Sweet stories, Ron! Who knows, maybe sometime we'll bump into one another. Just remember, if you ever make it up to Myers Spring Company in northern Indiana..................................

Keep on rollin'!

Sean D

Yeah, I missed a lot of life living in aluminum cans for the last 21 years but, occasionally I've been able to experience things I otherwise wouldn't have.

Probably the most memorable and definitely not good one was being in Salinas, CA during the 1989 earthquake.

Loma Prieta earthquake - Wikipedia, the free encyclopedia

I might as well tell my version. I was in a produce shed signing papers for strawberries that were still being loaded. All of a sudden the building starts shaking and it gets loud, just like if you were in a house where a fast train's going by. I looked at the guy across the counter and said "I don't remember any train tracks around here." He quickly yells back to me "There AREN'T any f***ing trains around here!

We all run outside and I'll never forget the earth looking like you're standing in the middle of the ocean. Cars were moving around in the parking lot on their own and everyone looked like they were drunk, weaving around and just trying to stay upright. After it was over my trailer was about 6" away from the dock.

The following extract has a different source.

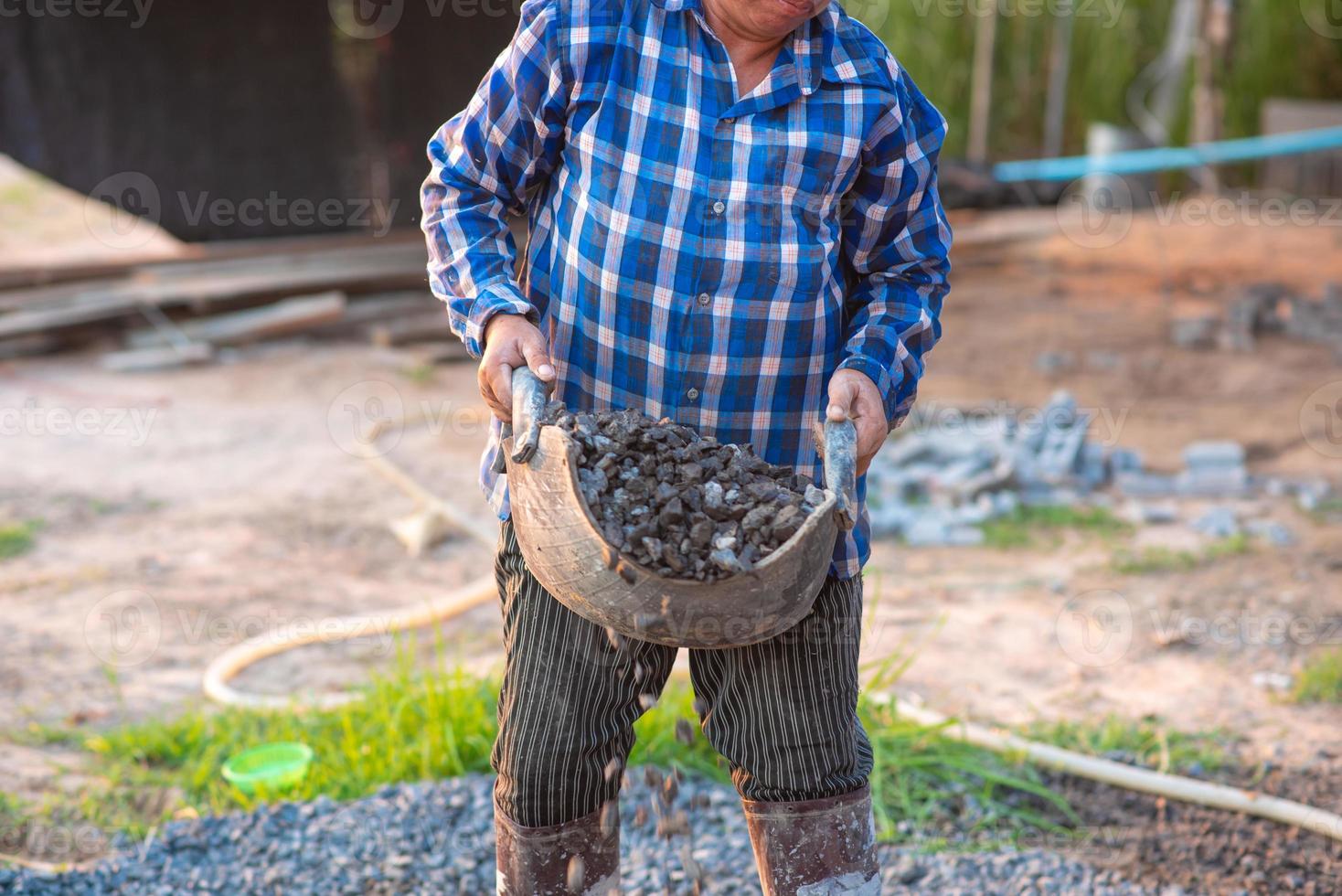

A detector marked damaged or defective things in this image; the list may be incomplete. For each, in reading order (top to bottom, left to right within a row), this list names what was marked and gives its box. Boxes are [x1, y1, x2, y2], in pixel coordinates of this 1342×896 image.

broken concrete debris [858, 389, 1320, 547] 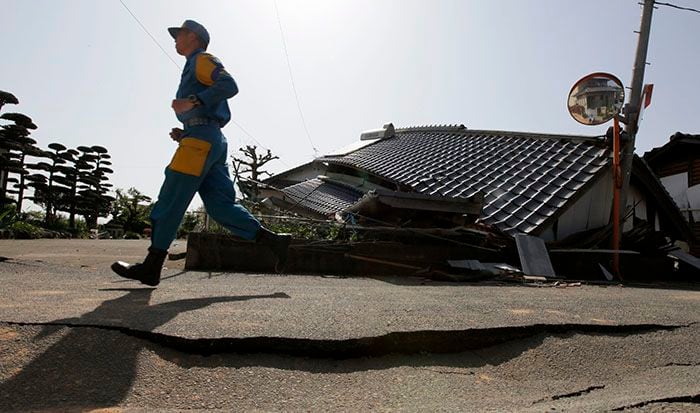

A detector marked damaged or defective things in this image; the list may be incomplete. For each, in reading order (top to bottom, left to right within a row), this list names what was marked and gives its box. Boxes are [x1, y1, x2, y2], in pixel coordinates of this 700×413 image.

cracked asphalt road [1, 237, 700, 410]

The forklift was still in it, running. Never saw the driver again. We thought he must've run home. I don't think there was an unbroken window anywhere.

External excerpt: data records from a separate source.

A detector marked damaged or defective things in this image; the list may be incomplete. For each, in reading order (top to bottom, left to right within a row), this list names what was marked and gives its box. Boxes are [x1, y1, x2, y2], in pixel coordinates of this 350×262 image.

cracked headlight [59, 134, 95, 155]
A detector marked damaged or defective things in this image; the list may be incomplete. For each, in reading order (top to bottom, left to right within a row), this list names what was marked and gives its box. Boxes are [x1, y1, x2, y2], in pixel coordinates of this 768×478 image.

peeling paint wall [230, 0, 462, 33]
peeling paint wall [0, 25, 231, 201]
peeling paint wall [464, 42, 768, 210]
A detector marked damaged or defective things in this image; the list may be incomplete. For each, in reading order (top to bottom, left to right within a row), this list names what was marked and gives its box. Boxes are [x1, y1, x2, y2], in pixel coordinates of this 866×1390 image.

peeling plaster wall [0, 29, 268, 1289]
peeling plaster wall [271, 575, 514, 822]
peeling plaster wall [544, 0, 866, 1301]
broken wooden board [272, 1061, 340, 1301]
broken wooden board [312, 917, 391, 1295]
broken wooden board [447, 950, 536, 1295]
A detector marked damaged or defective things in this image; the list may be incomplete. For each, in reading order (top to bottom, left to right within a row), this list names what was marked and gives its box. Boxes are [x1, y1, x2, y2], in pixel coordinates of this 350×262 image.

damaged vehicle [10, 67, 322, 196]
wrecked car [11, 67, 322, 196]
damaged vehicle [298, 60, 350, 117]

The power was one of the first things to go and someone came up with a battery operated radio. Had no idea all those people got killed on 880. Our hearts really went out for them when we heard the news. One of the weirdest parts was, 30 minutes after it was over, putting my hand on handrails that were concreted into the ground and feeling that they were still vibrating. Also heard on the radio that people at the World Series (which was going on at the time) watched the upper deck waving up and down over their heads.

Another funny thing was the way the vibration frequency worked. If you talked to people who were driving during the quake, (as on the CB that night), if they were going one direction they felt nothing. If they were going the other way, they said it felt like all their tires were flat, that the car or truck was just churning, trying to move.

Had no cell phones back then, couldn't call out, was supposed to make one last pickup of a couple pallets of lettuce (it always went on the back/worst riding part of the trailer due to being durable). I got to the place, they couldn't open their electric doors. When I heard that there was a chance of an aftershock that'd be worse than the original quake, I said hell with it and got the heck out of California and, I wasn't alone! A LOT of people were getting out.

I lived in Walker/Grand Rapids for about a year as a last ditch effort to make a marriage work. Best memories there was watching Jeff LaHaie going for his super comp license at 131 and, listening to Ted Nugent do his morning show going into Detroit, when I wasn't going the other way into Chicago.

Anyone ever been to Giant Steak Burrito in Summit, IL? Those carrot and jalepeno slices that they'd soak together to go with their "football" burritos on 16" tortillas!

I've been leased to Landstar (along with over 8,000 other owner-operators) for the last couple years. Every Sunday I go to Martinsville, VA to drop my empty trailer and pick up one up loaded with cabinets. Usually 15-20 stops between Jersey and Mass. I start my week out listening to people say "rad- (like "radical)-iator" and "I have no ideer" and finish it listening to people say "We're going to take the cah to the bah because it's too fah to walk." and "Bastids" :D Halfway in between it's "We're going to Bawston Mawket, Mawge."

This weekend I'm enjoying the fun of ownership by replacing a clutch in my Kenworth. If I were a Bostonian I'd be saying "That was a heavy bastid." :) It was!

As much as anything, I enjoy when I'm able to eat in diners with locals who know each other. I'm happy just being around regular people. I just went to a diner north of Boston where I used to have a regular run and hadn't been since December of last year. The people there said they were just wondering the other day what happened with me. That was pretty cool and touching.